Central and East European
Society for Phenomenology

Conference | Paper

The Political and Educational Importance of Phenomenological Reduction in the Light of the Dispute between Paul Natorp and Edmund Husserl

Wojciech Hanuszkiewicz

Thursday 2 December 2021

11:30 - 12:10

Zoom 1-2

The exchange of ideas between Edmund Husserl and Paul Natorp, as Iso Kern showed in his classical study, had a very strong influence on the development of phenomenology. Despite incessant mutual criticism, Husserl gradually approached the solutions proposed by Natorp in his analyses. However, the whole controversy can also be viewed from the reverse perspective. Natorp also took up (in his later works) some important motifs from Husserl’s phenomenology and created, what was hardly recognized, his own variant of the phenomenological reduction, which largely focuses on the political dimension of community life.
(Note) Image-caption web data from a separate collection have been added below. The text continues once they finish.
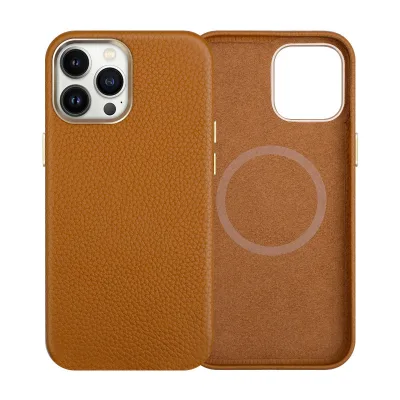 Shockproof and Fall Resistant Cowhide Phone case Suitable for iPhone 13pro, 12 Magnetic Suction Complete Phone case
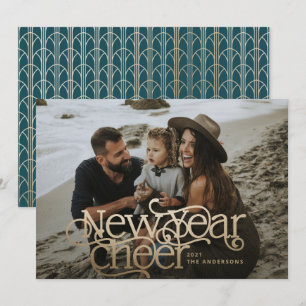 Cartes Pour Fêtes Annuelles Nouvelle année Photo élégante Art Déco typographie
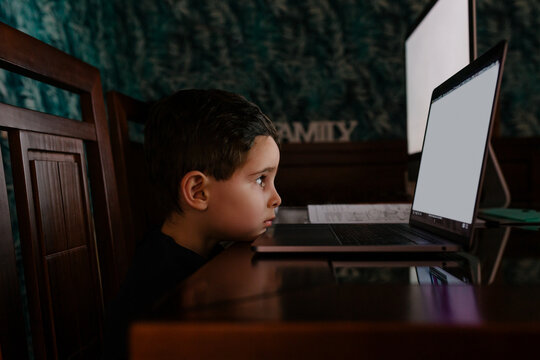Mother working at home while her bored son look at laptop screen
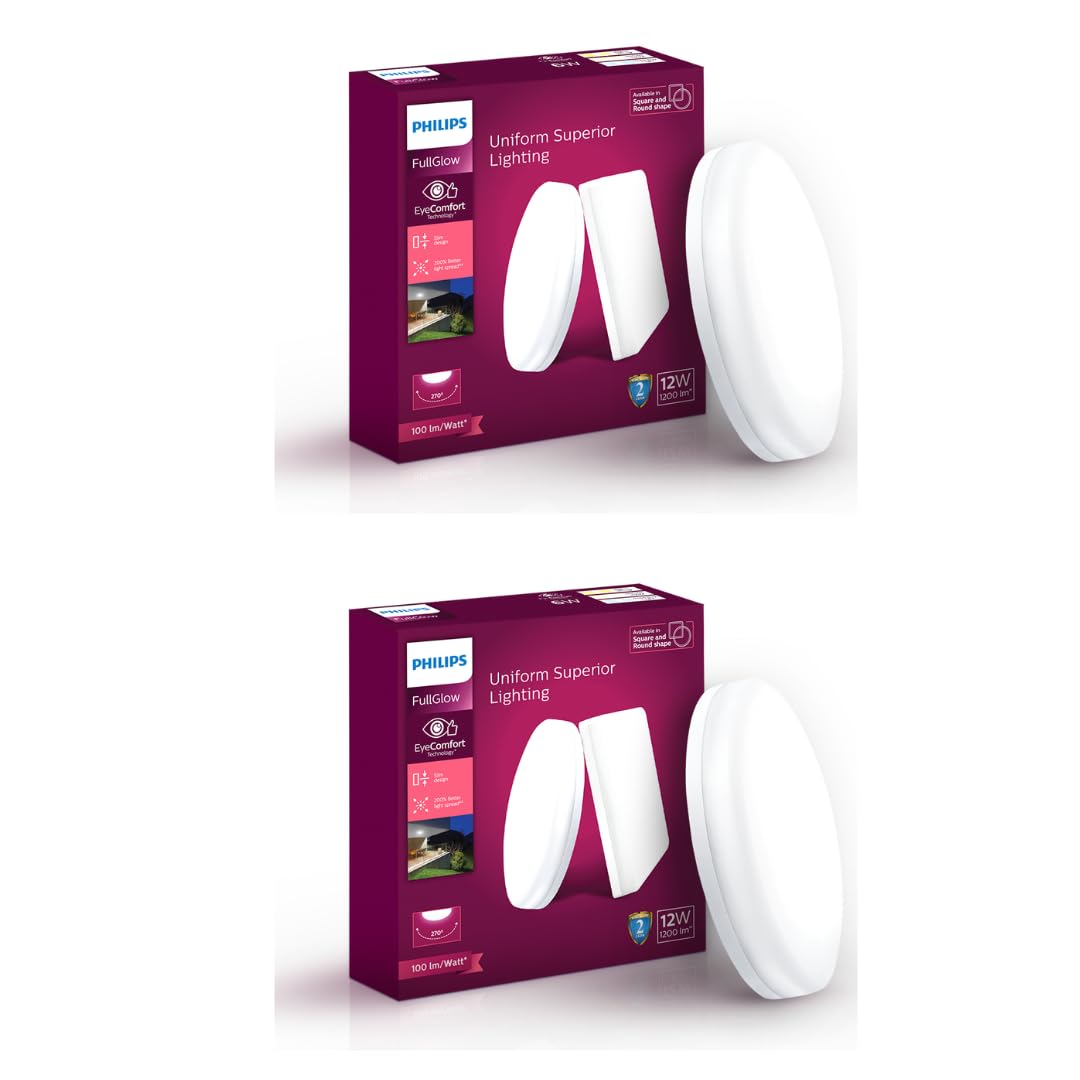 Philips Rimless Full Glow 12-watt Round LED Surface Downlighter (Pack of 2)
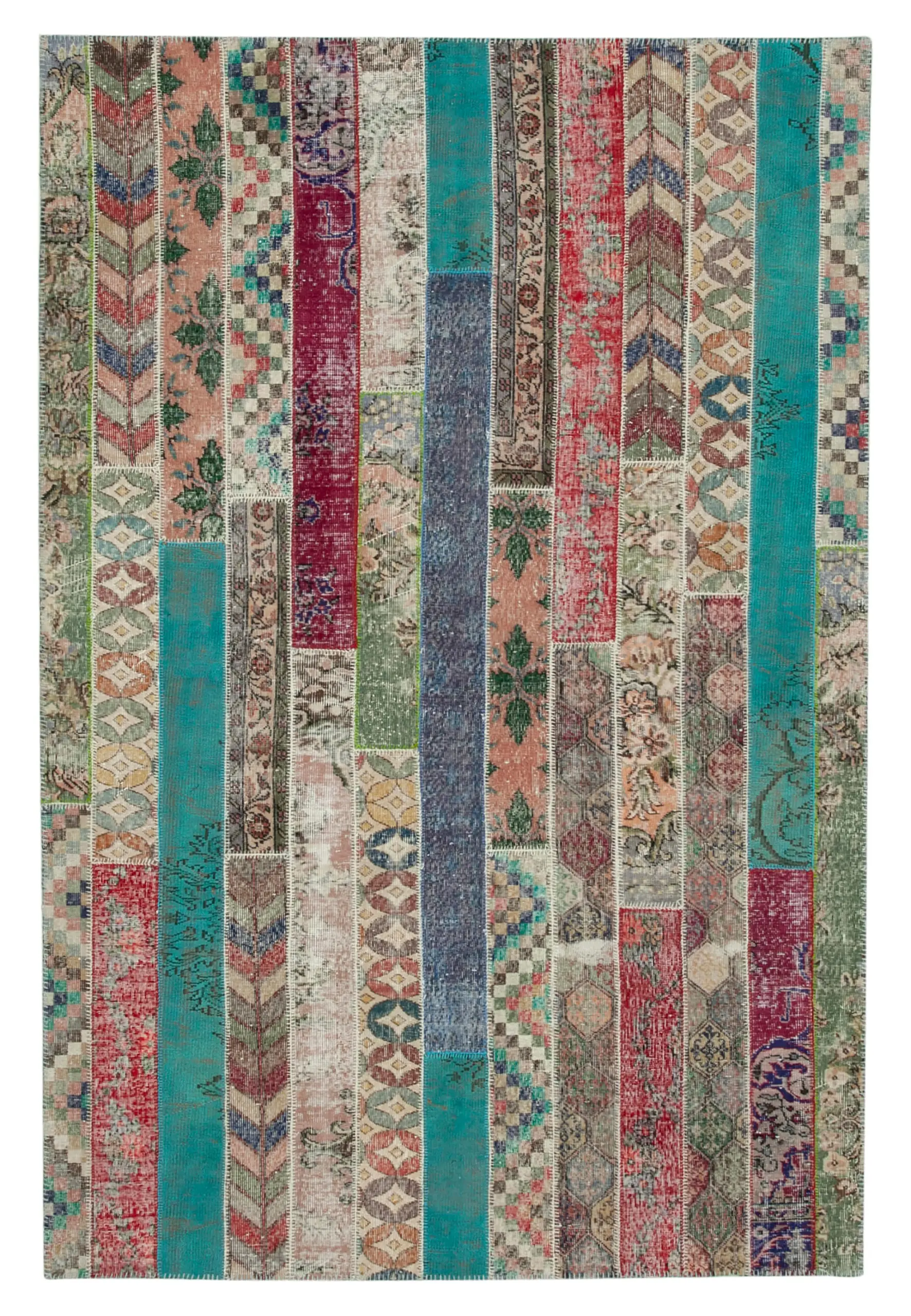 Rc_31008_0_Multicolor_Modern_Design_Patchwork_Rugs Patchwork Multi Pamuk Üzerine Yün El Dokuma Kilim-204x306 - Görsel 1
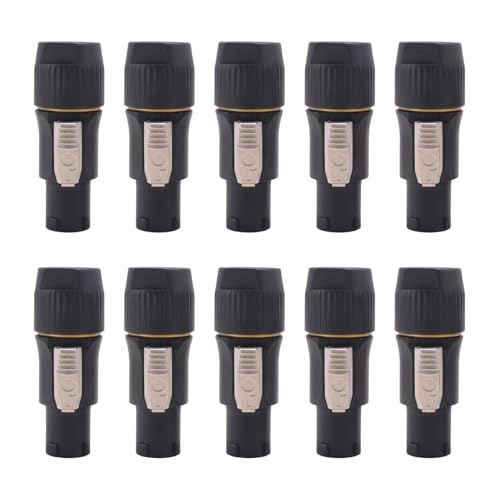 Aboiled 10pcs IP65 Grade WASGERFORTE PA66 Material 3Pins True Locking Stecker Stecker NAC3FX-W NAC3MX-W 10 Weibliche Stecker von Aboiled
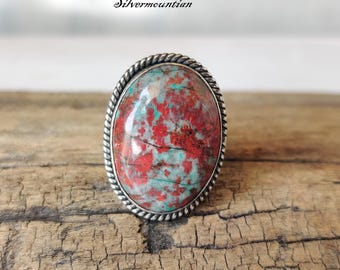 Sonora Sunrise Jasper Ring: Handmade 925 Sterling Silver Statement Ring
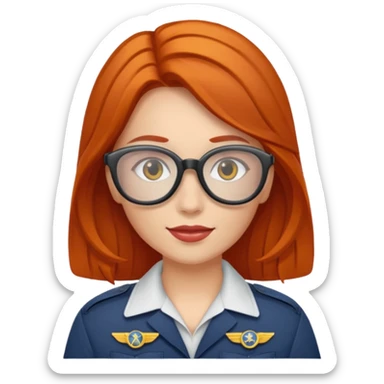 pilote d'avion femme rousse avec lunette de soleil sticker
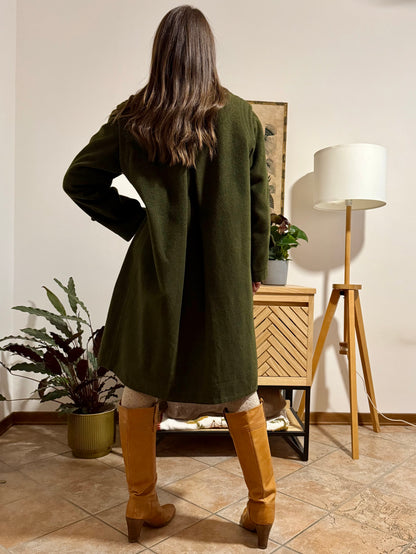 1960's vintage military green wool structured wool coat with leather buttons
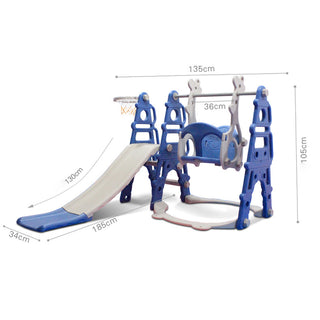 Neo 4-in-1 Blue Kids Playset Toddler Slide, Swing, Stairs and Hoop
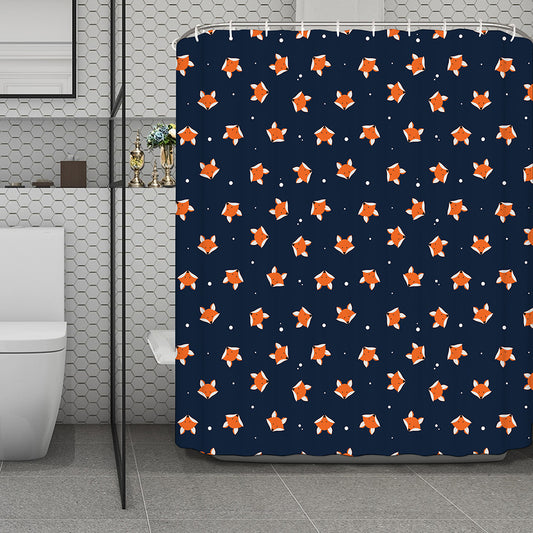 Orange Fox Pattern Print Polyester Shower Curtain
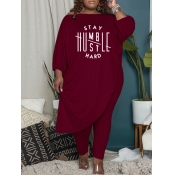 LW Plus Size Letter Print Asymmetrical Pants Set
Natorp examines the problem of community life, which was also of great importance for Husserl’s analyses, from the perspective of the working and educational community, because, in his opinion, both work and education constitute original forms of human activity. The main purpose of the presentation is a detailed exposure of this topic.

One of the main points of contention between the two authors is the method of reduction. In his introduction to psychology, Natorp emphasizes that the task of psychology consists in “reducing the mental representation, which has always somehow been objectified, to the immediate nature of consciousness.” The Marburg philosopher understands this reduction to mean the reconstruction of the immediate life of consciousness from the already objectified cultural products (creations). Husserl, on the other hand, tries to switch off the objectified world through phenomenological reduction and to make the life of consciousness accessible as intuitively given. The phenomenologists work—as Husserl wrote in his letter to Natorp dated March 18, 1909—“from below up.” In his review of the Ideas, Natorp criticized the phenomenological category of being-given very sharply. For Natorp, every act of thinking and intuitive perception is an element of the continuous process of objectivation. As a result, the act of intuitive giving—contrary to Husserl’s point of view—is always also the act of objectification.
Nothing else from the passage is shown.